Abstract

Pierre de Bérulle, founder of the Oratoire de Jésus (commonly known as the Oratoire de France), is a leading figure in the renewal of the Catholic Church in France in the first half of the seventeenth century. He is generally regarded as the founder of the French School of Spirituality (École française de spiritualité), though this term has been much criticised in recent years. He is often described as a ‘reformer’ of the Church in France, but this is a half-truth which obscures his real originality; he certainly shared the aims of those striving to create a clergy which would be better educated, more morally upright and more pastorally sensitive and zealous; but above all else he was concerned with the spiritual renewal of the clergy and with the Church in France generally.
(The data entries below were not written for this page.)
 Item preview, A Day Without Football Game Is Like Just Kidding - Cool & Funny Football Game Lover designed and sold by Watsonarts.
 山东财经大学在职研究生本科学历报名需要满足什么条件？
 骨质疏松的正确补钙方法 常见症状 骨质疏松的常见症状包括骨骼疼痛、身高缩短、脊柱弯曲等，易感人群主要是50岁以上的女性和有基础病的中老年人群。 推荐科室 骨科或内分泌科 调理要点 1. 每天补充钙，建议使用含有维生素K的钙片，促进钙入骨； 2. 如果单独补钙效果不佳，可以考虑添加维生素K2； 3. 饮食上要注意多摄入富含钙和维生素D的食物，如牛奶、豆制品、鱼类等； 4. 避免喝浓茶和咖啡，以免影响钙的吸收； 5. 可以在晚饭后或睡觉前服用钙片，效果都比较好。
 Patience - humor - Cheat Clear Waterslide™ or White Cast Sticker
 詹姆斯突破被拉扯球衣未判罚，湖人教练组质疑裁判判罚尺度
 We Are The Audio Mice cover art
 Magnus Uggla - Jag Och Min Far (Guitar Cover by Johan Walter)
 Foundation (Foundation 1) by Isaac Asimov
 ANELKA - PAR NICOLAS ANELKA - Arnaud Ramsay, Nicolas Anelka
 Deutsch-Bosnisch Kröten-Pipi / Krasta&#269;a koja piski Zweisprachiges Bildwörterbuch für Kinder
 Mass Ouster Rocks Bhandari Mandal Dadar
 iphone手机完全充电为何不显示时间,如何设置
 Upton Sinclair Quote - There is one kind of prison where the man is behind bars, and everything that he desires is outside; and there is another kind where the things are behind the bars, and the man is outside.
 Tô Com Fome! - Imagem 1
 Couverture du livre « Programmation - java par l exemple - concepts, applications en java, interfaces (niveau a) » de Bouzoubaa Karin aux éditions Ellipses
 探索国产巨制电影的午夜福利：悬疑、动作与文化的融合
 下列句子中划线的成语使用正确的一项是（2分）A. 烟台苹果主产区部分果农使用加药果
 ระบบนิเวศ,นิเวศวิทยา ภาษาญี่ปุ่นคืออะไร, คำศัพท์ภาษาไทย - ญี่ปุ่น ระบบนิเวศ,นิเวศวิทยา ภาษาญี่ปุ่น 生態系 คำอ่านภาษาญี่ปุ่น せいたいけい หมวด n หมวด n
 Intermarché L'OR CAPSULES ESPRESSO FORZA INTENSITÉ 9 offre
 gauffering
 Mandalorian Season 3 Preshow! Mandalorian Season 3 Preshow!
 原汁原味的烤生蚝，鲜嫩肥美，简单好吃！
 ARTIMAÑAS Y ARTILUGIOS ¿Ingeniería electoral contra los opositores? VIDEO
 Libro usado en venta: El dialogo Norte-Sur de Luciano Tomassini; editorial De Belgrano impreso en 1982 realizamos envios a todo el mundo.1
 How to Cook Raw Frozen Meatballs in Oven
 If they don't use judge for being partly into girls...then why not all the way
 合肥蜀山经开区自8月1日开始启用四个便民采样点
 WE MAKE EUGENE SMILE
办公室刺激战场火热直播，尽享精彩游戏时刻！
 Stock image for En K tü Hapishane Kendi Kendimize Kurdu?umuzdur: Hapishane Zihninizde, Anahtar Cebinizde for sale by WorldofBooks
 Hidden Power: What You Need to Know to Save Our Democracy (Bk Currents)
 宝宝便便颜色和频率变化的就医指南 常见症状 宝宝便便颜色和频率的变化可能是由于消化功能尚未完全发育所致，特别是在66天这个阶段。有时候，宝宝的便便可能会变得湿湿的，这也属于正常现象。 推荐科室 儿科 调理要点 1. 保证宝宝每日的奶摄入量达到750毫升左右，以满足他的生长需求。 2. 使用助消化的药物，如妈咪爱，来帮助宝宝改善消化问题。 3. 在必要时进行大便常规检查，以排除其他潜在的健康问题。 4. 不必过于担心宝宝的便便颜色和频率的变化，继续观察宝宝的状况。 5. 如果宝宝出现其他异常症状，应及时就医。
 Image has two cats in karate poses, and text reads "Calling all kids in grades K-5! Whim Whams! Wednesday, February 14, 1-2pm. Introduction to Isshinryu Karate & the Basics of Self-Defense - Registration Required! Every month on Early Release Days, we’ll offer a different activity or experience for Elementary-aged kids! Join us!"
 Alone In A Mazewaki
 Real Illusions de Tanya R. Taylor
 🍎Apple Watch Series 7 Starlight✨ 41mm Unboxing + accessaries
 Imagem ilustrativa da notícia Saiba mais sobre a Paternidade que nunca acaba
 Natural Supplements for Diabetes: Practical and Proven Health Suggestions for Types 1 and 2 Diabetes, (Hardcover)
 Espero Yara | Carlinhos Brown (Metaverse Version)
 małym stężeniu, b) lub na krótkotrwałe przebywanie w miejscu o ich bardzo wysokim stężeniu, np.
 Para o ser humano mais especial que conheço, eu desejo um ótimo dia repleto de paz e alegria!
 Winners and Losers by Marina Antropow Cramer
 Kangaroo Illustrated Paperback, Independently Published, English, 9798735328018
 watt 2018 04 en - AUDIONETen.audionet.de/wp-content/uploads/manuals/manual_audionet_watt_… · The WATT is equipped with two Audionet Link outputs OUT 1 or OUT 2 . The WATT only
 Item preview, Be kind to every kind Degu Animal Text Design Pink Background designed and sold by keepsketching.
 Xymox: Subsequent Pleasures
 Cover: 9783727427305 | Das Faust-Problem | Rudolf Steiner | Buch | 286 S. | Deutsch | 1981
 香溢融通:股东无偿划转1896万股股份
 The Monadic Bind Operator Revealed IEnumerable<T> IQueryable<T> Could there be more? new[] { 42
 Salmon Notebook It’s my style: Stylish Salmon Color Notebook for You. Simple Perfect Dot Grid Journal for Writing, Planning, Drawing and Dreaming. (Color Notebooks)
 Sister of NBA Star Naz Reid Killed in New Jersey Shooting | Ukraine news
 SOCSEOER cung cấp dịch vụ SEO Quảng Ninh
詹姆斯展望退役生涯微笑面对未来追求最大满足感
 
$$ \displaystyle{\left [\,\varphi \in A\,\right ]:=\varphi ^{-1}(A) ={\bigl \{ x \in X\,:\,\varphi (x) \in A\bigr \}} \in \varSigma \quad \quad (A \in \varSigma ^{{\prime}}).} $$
Lastly, he has often been accused of wishing to create chiefly, if not exclusively, a spirituality of the priesthood and to work for the ‘sanctification’ of the clergy. But his work and ideas must be seen here in a broader perspective, for Bérulle and his disciples shared with St Francis de Sales the aim, expressed in his Introduction à la vie devote (1608), of creating and promoting a spirituality available to all Christians. This article examines his conception of the Oratory, which he intended to be an intermediary between the religious orders and the secular clergy, his spiritual theology, what I have called his ‘spiritual pedagogy’, and his influence in France and elsewhere.